As Labor Day approaches and we slip out of Summer and into another September, many think of 9/11 and that this September is yet another anniversary of that horrific, unimaginable tragedy. But, September will be another milestone anniversary this year – the anniversary of what some are calling the Great Panic.

In one of the first books to comprehensively examine the extraordinary financial collapse of September 2008, “In FED We Trust: Ben Bernanke’s War on the Great Panic” by David Wessel, and surely far from the last such book, we are reminded of just what was going on the last time we tore the month of August from our calendars and turned to the September page. This one focuses on Ben Bernanke and the unprecedented situation that swallowed up Lehman Brothers. All the heroic efforts to bail out Bear Stearns earlier that Spring had provoked so much controversy about the correct role of government, if any, in rescuing financial markets who were about to set off an H-Bomb in their own universe. Lehman’s bankruptcy, the biggest in history at that time, nearly lit the fuse on a global financial meltdown.

On August 19, 2009, it was announced that the attorneys’ fees on account of the massive Lehman Bankruptcy case had passed the $100 Million mark – talk about lawyers’ feeding-frenzies! Interested readers can access a website devoted to the Lehman Bankruptcy, linked to yet others, in order to see exactly what $100 Million in legal services buys these days.

Wessel brings out the extreme irony that Bernanke, one of the leading scholars of the why’s and wherefore’s of the Great Depression of the 1930’s, became one of the men who were thrust into financial history’s spotlight last September. A key thesis of Wessel’s book is Bernanke’s strongly held belief that the Great Depression of the 1930s, and all the extraordinary pain and historic consequences that it engendered, all could have been avoided if the Fed had injected liquidity into our economy as aggressively as the circumstances indicated were necessary.

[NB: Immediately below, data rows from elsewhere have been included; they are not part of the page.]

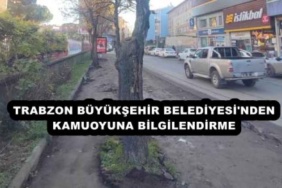 trabzon_buyuksehir_belediyesi_nden_kamuoyuna_bilgilendirme_h55987_934d7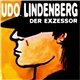 Udo Lindenberg - Der Exzessor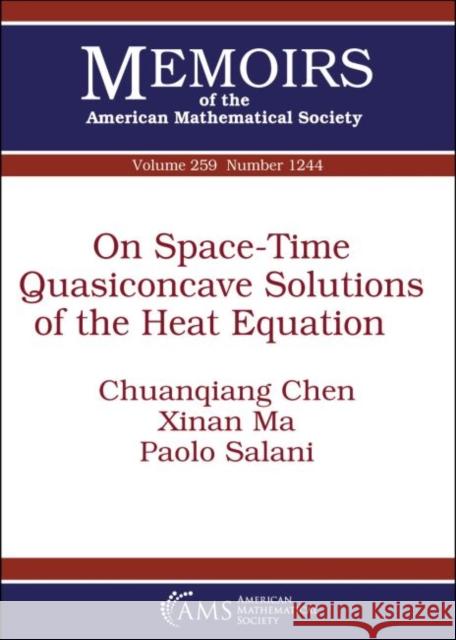On Space-Time Quasiconcave Solutions of the Heat Equation Chuanqiang Chen, Xinan Ma, Paolo Salani 9781470435240 Eurospan (JL)
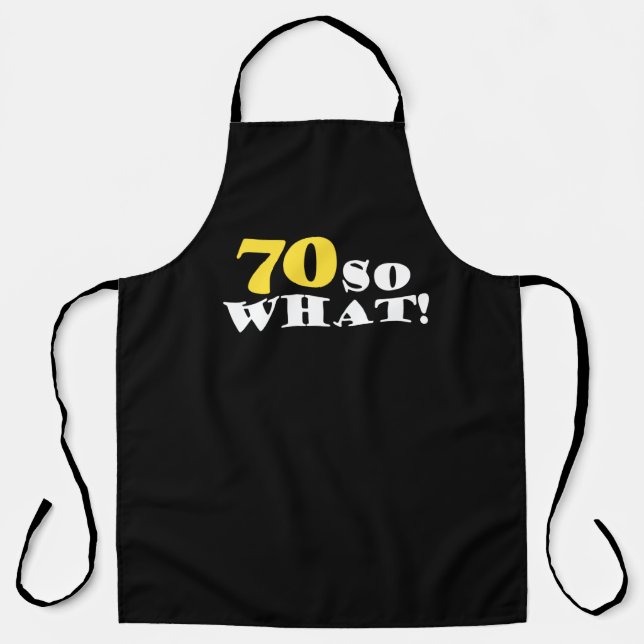 70 So What Funny Modern Black 70th Birthday Apron (Front)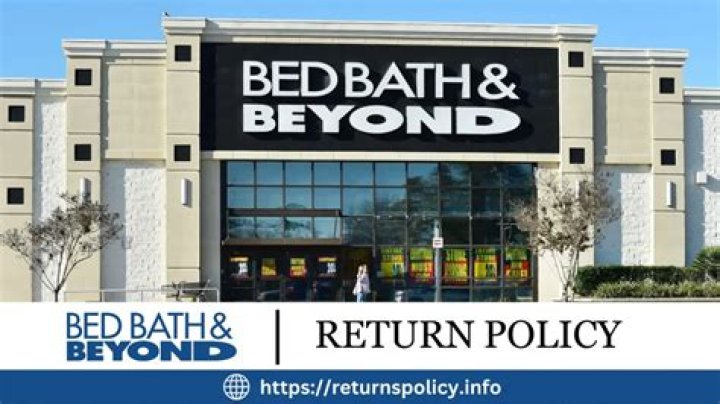 When did Bed Bath and Beyond change their return policy?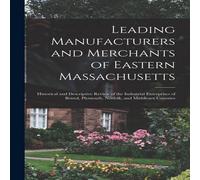 Anonymous Leading Manufacturers & Merchants of Eastern Massachusetts : Anonymous Multicolor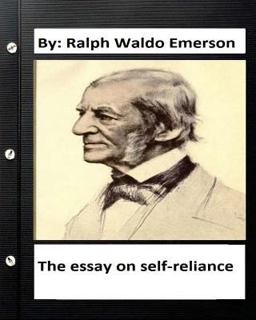 The Essay on Self-Reliance. by: Ralph Waldo Emerson (Original Version )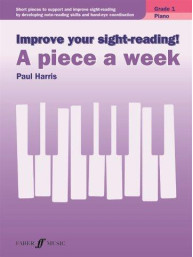 Improve Your Sight-Reading! A Piece A Week - Piano Grade 1 (noty na sólo klavír)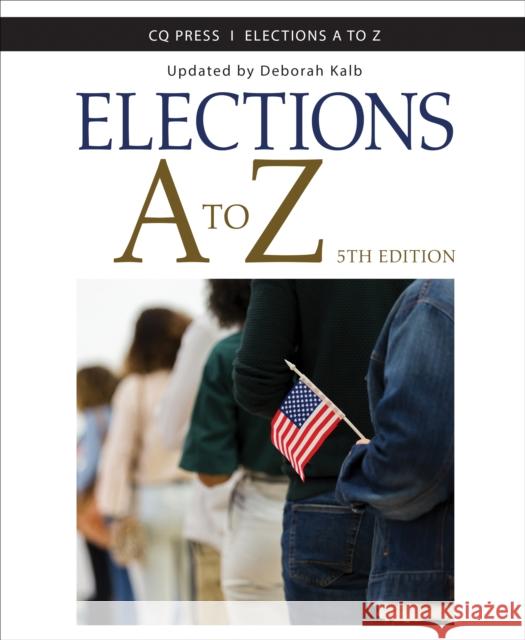 Elections A to Z Deborah Kalb 9781071853634 SAGE Publications Inc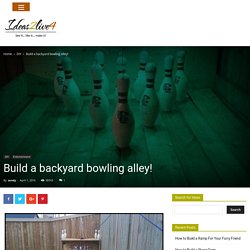 Build a backyard bowling alley!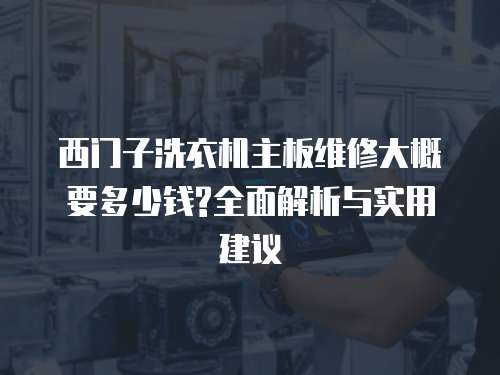 西門子洗衣機主板維修大概要多少錢?全面解析與實用建議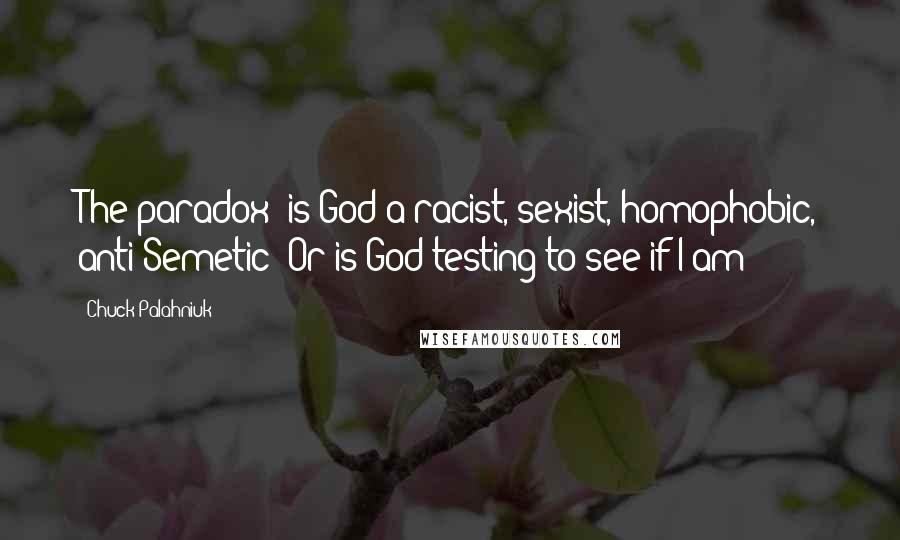 Chuck Palahniuk Quotes: The paradox: is God a racist, sexist, homophobic, anti-Semetic? Or is God testing to see if I am?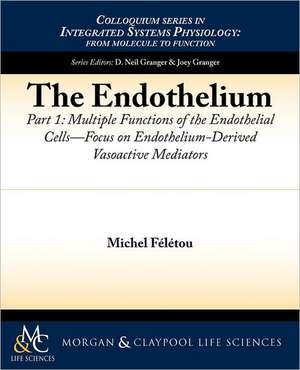 The Endothelium, Part I de Michel F. L. Tou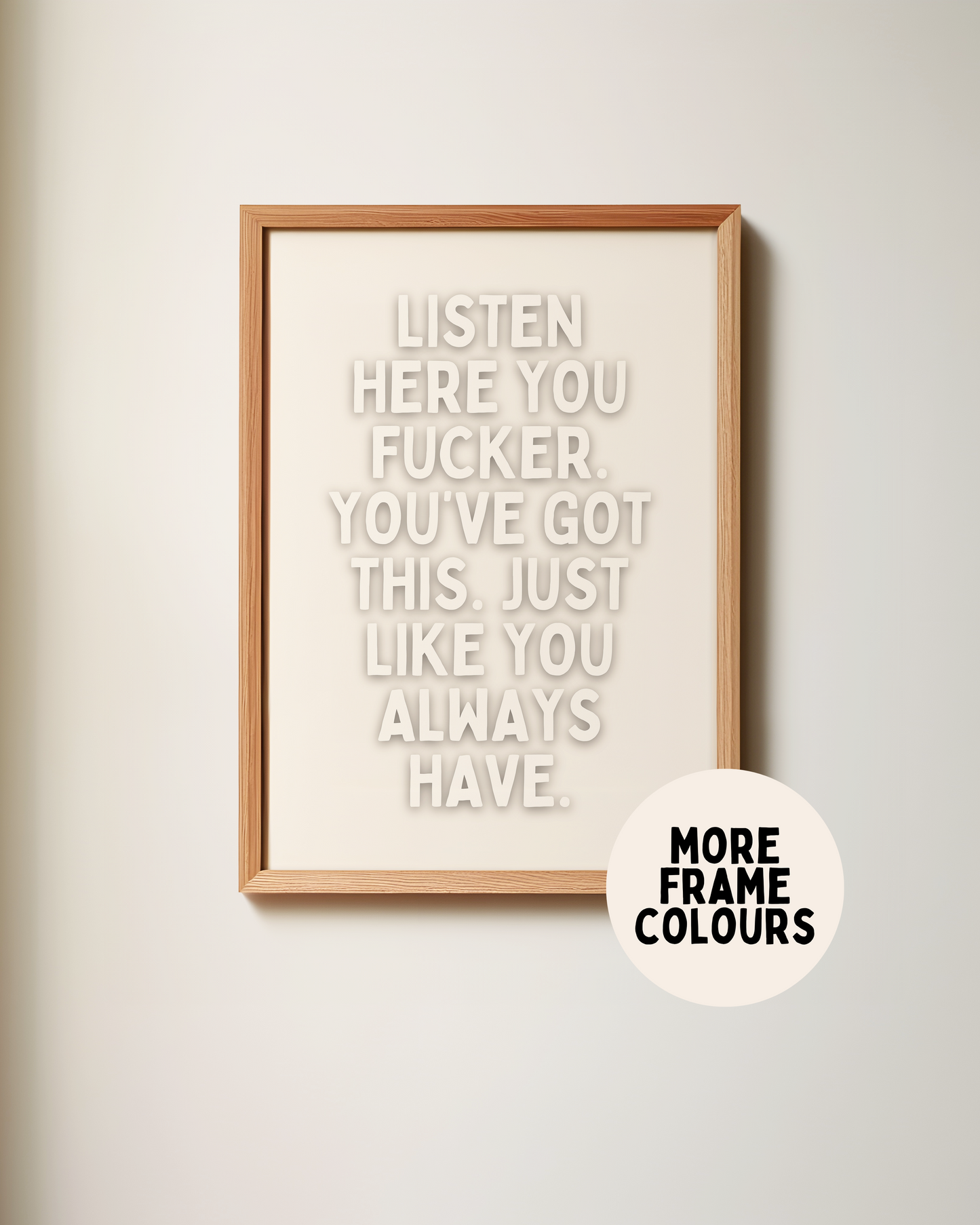 Framed | Listen Here You Fucker. You've Got This | Cream | Art Print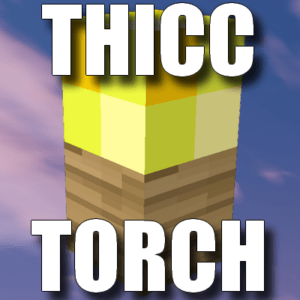 Мод Thicc Torch для майнкрафт 1.15.2, 1.14.4, 1.12.2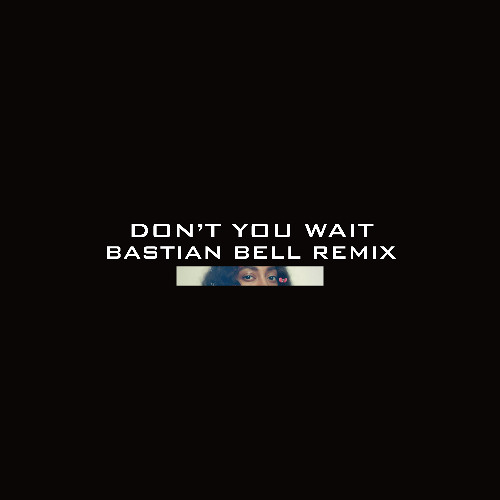 Don't You Wait
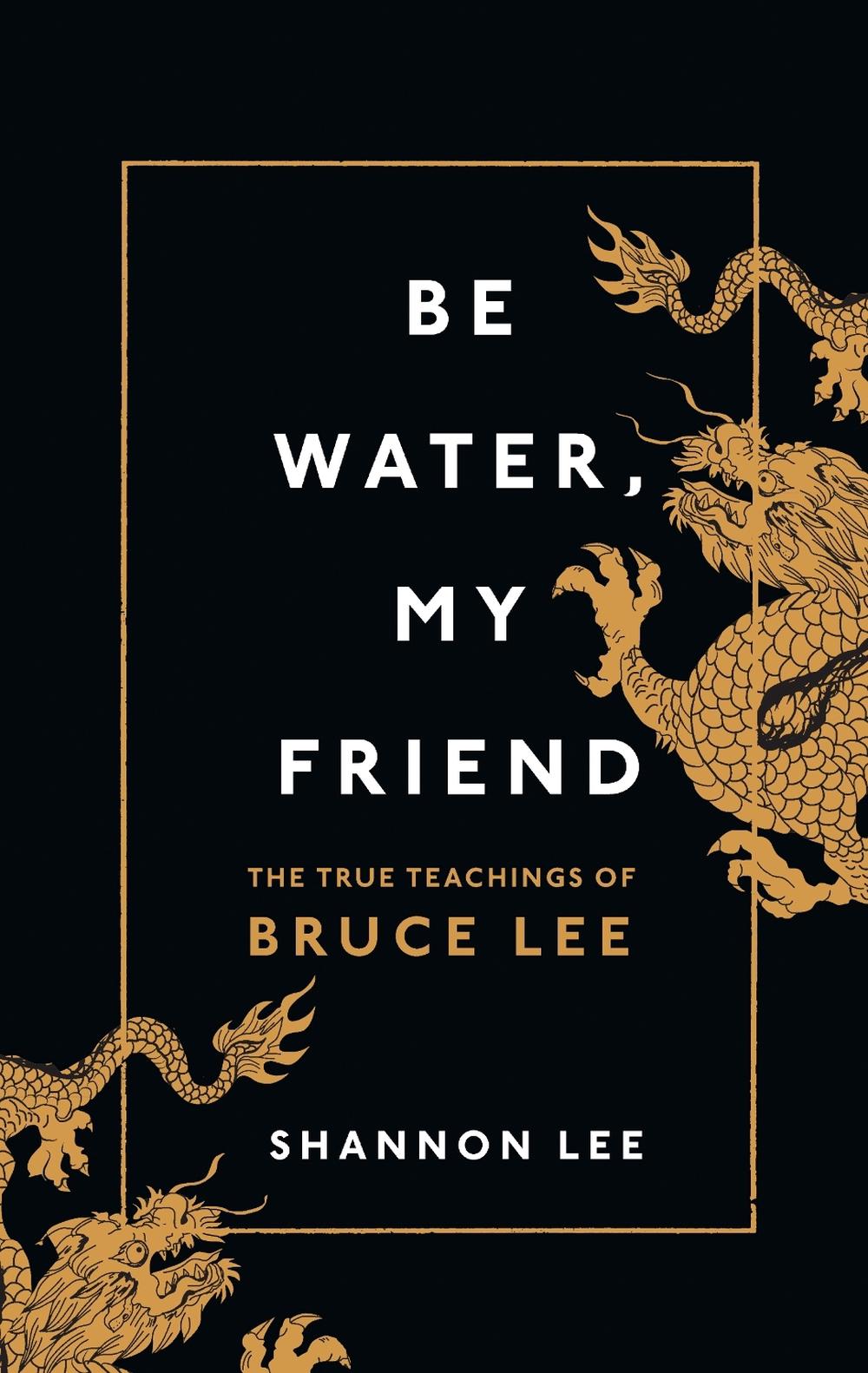 Be Water, My Friend, 9781846046667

Bernanke, last September, was determined to do that, indeed, whatever it took to prevent a repeat of the 1930’s.

While many including Wessel acknowledge that some of what Bernanke and others (Paulson and Geithner, were among the many who went sleepless last September) did – the most extraordinary government interventions in our nation’s history, by far –in fact, did save us by preventing the Great Panic of 2008 from becoming the Great Depression II, consuming the world’s telecommunications-linked economies in the child’s game of “All Fall Down.” Others are not so sure, and still others (me, for one example) caution that the ‘jury is still out’ on this one.

In October of this year, the Fed will allow its $300 billion program to buy Treasury bonds to lapse, indicating the Fed’s belief that this kind of aggressive support will no longer be necessary by then. This is one of the things (and there are many, many others) which have pumped liquidity into America’s and the world’s economy and given a supposed recovery a chance to gain a foothold before our economy once more has to walk ahead on its own two feet.

Wessel says that the withdrawal of all that extra money being pumped in by the Fed, in order to keep all things financial just as liquid as necessary, will have to be timed by the Fed to occur absolutely perfectly and with the most extreme delicacy. Waiting to pounce are the financial Scylla and Charybdis, those two sea monsters of Greek mythology, situated on opposite sides of the Strait of Messina between Sicily and Calabria – screaming, pedal-to-the-metal, inflation, on the one hand, and, on the other, the specter of relapsing into the kind of deflation that made Japan’s Lost Decade so devastating, and for so long. Fingers are firmly crossed.